──────── Records for processing
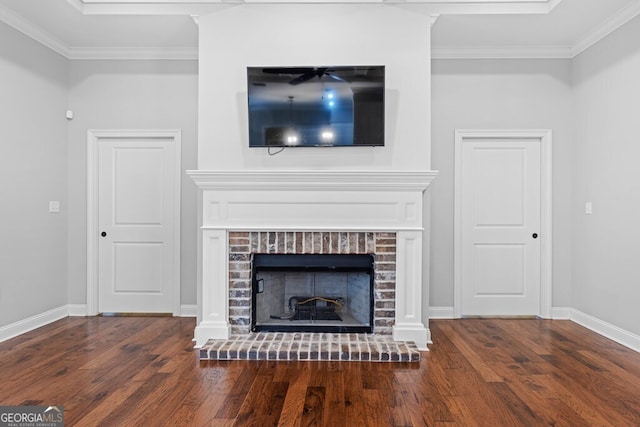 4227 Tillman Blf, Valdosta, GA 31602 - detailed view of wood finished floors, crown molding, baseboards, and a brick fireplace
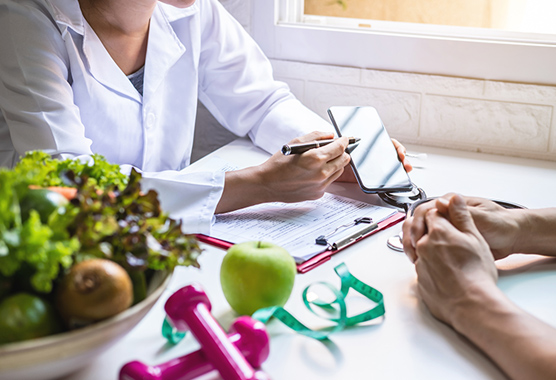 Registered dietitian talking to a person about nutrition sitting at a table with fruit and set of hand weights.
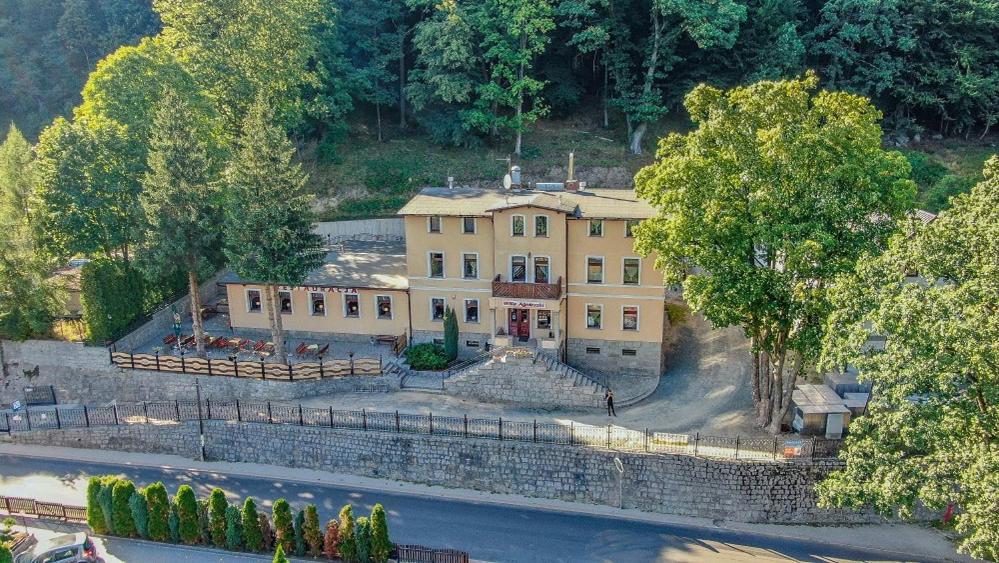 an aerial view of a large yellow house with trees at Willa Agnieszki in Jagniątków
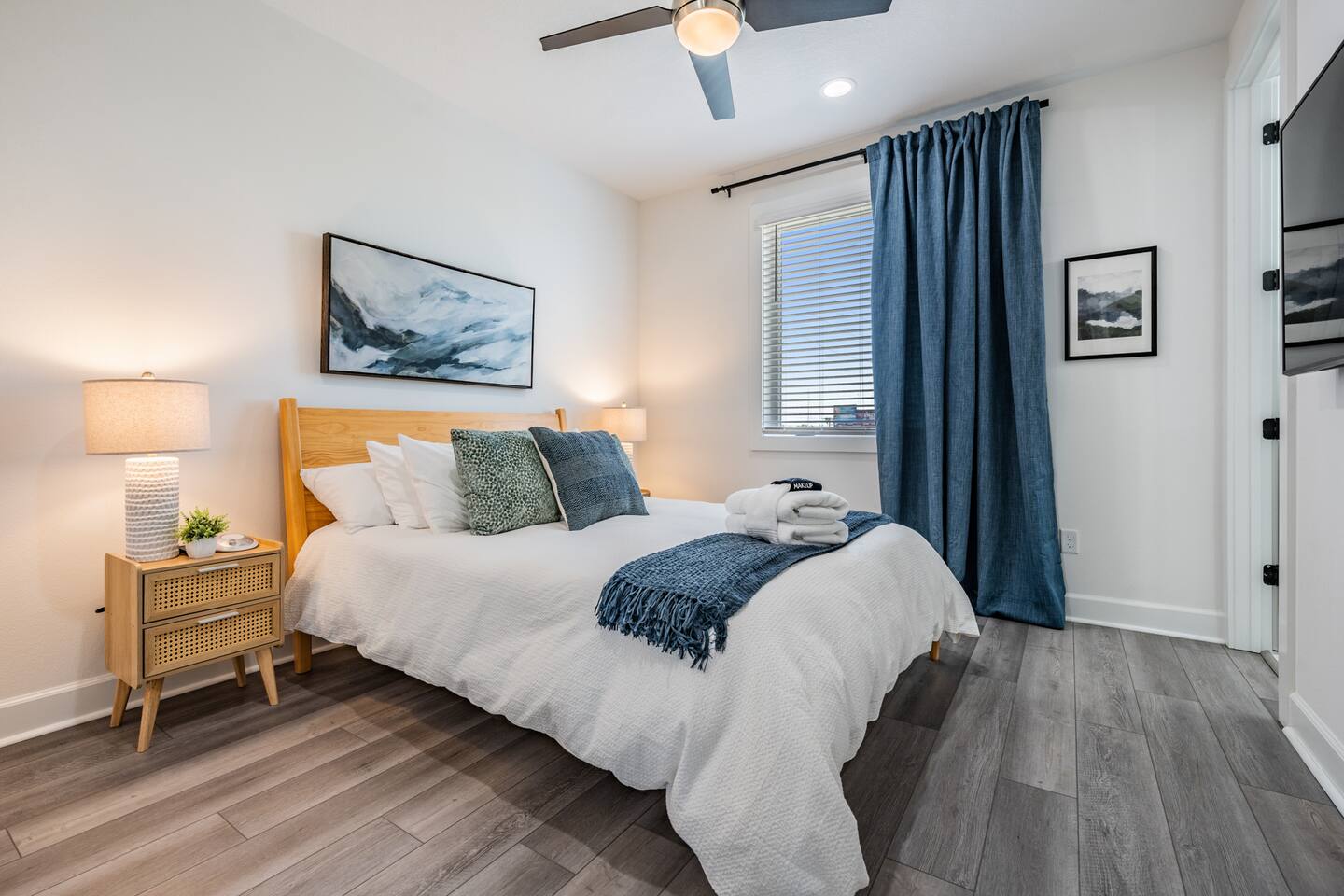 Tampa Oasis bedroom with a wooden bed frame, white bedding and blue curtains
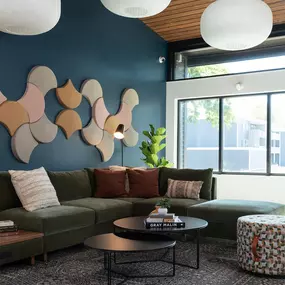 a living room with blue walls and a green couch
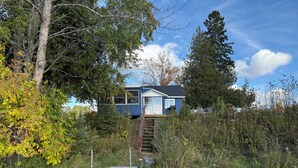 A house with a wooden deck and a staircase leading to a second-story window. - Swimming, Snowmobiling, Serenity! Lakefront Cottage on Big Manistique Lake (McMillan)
────────────────
Task statement = Repeat every line above exactly, minus the pictures.

Final answer =
 4227 Tillman Blf, Valdosta, GA 31602 - detailed view of wood finished floors, crown molding, baseboards, and a brick fireplace
 Registered dietitian talking to a person about nutrition sitting at a table with fruit and set of hand weights.
 an aerial view of a large yellow house with trees at Willa Agnieszki in Jagniątków
 Tampa Oasis bedroom with a wooden bed frame, white bedding and blue curtains
 a living room with blue walls and a green couch
 A house with a wooden deck and a staircase leading to a second-story window. - Swimming, Snowmobiling, Serenity! Lakefront Cottage on Big Manistique Lake (McMillan)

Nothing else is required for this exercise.